Output the lines below exactly, please, from the first line until the line with "レースラインコットンナイロンカーディガン アナイ/ANAYI ホワイト", counting both.

Recorded data:

************

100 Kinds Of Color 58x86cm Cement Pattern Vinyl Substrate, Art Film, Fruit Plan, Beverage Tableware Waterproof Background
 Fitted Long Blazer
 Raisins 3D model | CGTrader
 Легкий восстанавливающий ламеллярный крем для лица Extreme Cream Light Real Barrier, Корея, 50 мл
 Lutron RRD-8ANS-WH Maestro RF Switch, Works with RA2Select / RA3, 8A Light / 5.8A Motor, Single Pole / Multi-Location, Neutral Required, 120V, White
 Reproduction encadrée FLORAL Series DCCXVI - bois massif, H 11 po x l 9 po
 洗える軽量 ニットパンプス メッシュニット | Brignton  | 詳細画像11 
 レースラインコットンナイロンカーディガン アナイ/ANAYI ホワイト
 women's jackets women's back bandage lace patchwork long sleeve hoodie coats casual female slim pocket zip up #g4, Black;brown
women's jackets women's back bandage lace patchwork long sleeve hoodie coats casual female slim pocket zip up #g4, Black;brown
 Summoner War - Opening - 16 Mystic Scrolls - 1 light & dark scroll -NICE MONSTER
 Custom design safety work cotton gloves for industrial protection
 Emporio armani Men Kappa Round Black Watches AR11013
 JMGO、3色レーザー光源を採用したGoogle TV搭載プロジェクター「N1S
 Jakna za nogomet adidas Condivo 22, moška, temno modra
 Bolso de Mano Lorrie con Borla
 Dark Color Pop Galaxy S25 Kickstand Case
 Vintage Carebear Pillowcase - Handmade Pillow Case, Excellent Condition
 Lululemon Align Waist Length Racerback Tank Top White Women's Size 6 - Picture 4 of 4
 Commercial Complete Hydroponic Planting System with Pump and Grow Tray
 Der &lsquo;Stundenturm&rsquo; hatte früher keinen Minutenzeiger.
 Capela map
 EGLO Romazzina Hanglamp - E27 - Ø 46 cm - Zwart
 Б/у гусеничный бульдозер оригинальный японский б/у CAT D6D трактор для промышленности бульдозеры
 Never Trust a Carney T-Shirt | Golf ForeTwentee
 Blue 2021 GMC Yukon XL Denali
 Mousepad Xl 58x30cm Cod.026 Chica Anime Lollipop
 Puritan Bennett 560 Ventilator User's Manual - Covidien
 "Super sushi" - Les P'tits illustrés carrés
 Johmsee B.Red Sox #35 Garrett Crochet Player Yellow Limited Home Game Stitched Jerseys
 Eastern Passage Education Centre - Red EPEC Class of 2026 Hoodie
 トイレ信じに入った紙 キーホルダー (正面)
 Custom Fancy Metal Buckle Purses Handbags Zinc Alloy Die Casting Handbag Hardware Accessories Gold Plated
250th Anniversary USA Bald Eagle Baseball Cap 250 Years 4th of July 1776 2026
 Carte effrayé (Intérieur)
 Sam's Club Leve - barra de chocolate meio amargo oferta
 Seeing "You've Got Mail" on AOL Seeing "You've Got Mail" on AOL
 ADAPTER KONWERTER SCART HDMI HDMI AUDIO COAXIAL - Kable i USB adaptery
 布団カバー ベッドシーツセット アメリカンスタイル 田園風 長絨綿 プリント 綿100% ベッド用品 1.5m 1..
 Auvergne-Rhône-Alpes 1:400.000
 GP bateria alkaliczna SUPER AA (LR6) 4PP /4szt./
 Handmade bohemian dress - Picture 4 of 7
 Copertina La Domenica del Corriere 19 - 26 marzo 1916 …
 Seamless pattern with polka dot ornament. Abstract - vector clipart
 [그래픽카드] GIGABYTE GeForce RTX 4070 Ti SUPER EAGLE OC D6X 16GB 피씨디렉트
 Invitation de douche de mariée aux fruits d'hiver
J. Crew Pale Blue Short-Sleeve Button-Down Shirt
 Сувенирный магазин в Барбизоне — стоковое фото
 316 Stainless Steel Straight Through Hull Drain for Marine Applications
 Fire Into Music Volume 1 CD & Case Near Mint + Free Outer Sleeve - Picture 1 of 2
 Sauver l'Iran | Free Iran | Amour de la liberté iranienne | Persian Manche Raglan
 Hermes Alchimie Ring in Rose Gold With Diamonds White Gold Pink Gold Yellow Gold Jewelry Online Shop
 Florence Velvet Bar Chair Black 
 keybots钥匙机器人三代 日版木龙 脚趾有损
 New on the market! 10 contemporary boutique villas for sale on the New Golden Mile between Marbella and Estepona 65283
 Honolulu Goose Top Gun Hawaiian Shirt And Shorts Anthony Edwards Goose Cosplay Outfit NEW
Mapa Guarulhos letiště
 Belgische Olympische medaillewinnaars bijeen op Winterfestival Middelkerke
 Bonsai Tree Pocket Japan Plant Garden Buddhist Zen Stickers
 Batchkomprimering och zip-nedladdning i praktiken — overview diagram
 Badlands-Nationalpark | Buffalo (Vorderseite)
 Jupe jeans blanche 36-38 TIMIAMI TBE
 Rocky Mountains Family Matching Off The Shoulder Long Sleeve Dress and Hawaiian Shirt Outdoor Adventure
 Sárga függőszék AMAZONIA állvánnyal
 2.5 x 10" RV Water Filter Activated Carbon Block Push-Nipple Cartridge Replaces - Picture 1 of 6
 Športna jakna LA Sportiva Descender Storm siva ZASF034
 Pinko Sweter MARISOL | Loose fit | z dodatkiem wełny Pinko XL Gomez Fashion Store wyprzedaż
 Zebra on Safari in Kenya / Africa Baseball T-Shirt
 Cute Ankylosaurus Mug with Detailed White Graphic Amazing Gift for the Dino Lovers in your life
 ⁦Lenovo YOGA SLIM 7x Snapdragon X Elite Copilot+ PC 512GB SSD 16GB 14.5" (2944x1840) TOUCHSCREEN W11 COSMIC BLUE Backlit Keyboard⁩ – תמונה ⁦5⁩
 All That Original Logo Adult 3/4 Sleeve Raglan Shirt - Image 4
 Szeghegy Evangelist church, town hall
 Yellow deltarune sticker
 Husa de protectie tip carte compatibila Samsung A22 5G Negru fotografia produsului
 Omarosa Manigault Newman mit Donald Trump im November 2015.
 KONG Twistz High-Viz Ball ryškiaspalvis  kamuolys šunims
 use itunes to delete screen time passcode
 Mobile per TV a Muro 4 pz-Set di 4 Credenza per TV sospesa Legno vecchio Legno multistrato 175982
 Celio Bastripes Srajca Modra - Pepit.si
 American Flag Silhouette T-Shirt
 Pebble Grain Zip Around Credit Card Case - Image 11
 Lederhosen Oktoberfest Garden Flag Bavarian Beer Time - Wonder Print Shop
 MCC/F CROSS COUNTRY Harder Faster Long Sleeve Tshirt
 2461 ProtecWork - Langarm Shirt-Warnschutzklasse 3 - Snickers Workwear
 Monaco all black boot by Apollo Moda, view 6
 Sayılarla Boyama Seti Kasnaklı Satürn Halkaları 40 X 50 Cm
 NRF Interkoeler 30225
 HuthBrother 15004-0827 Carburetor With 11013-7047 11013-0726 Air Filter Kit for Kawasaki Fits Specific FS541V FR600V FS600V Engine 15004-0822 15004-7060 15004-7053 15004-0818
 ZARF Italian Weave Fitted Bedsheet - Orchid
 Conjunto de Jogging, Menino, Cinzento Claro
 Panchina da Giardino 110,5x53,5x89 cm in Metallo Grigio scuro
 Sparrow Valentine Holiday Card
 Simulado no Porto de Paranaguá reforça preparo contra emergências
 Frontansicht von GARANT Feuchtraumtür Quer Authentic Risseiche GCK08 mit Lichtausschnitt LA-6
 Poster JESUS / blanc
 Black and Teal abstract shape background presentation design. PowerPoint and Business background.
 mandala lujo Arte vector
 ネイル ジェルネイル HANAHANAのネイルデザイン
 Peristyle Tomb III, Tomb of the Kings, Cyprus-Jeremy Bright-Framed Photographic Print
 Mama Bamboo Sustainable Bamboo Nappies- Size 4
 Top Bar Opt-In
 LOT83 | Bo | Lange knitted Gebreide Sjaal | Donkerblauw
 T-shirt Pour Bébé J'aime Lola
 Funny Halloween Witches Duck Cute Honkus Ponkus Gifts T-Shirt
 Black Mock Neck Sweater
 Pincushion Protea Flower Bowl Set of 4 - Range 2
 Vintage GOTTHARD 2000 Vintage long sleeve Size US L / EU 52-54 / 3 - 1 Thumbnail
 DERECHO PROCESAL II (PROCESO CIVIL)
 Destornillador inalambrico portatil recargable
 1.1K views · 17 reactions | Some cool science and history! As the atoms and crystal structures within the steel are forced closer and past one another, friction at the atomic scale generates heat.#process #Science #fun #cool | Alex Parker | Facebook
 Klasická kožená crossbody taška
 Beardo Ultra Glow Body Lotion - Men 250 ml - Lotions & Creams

************

EXERCISE ANSWER:
100 Kinds Of Color 58x86cm Cement Pattern Vinyl Substrate, Art Film, Fruit Plan, Beverage Tableware Waterproof Background
 Fitted Long Blazer
 Raisins 3D model | CGTrader
 Легкий восстанавливающий ламеллярный крем для лица Extreme Cream Light Real Barrier, Корея, 50 мл
 Lutron RRD-8ANS-WH Maestro RF Switch, Works with RA2Select / RA3, 8A Light / 5.8A Motor, Single Pole / Multi-Location, Neutral Required, 120V, White
 Reproduction encadrée FLORAL Series DCCXVI - bois massif, H 11 po x l 9 po
 洗える軽量 ニットパンプス メッシュニット | Brignton  | 詳細画像11 
 レースラインコットンナイロンカーディガン アナイ/ANAYI ホワイト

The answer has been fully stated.